Nearing the offices of Geffen Records, Partridge looks out the car window at the Beverly Hills mansions lining Sunset Boulevard. ”When we started the band, we wanted to be rich and famous,” he says with a laugh. ”Famous. That was a requirement. I mean, what a stupid thing to want. We actually wanted fame, fortune and probably all to live in one house with a fire pole in the middle and four front doors all opening to the same house.”

And what does he want now?

”I’ve kinda gone back through the when-we-first-started-making-records wants,” he says. ”I’ve gone back to more, I think, of what I would have wanted as a schoolkid: to be in a group as good as the Kinks, or the Beatles, or the best stuff of the Small Faces, to have the kind of strange, earthy wonder of Captain Beefheart’s Magic Band.”

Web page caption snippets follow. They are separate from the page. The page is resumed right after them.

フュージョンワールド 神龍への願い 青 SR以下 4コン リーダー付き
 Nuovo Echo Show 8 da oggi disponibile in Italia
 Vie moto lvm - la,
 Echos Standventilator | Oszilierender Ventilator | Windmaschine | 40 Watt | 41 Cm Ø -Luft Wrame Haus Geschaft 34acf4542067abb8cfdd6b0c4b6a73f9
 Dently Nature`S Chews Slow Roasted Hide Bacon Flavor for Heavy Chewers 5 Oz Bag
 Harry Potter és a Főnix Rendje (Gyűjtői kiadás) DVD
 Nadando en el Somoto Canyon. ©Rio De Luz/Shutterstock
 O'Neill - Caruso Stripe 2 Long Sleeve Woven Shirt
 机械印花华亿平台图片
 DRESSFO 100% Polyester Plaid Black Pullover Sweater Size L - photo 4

In the meantime — until Partridge realizes his goal of writing songs ”so stupidly good that they hurt to listen to” — don’t expect to see XTC on the road, or in Los Angeles, or anywhere else you might find the kind of folks who are mentioned in the rock reference books. Instead, Partridge will be back in Swindon playing with his soldiers, making toys for his kids, reading his books and ignoring the world of pop music.

“‘I’ve got a big record collection,” he says, ”but lately I’ve been giving away armfuls of records to everybody who comes to visit. Maybe when you make music, your music gland gets satisfied making it, and you don’t need to dip it in other people’s.”

He breaks into a wry grin. ”Have you seen my music gland?” he asks. ”It’s the big sack of skin that hangs halfway down my back.”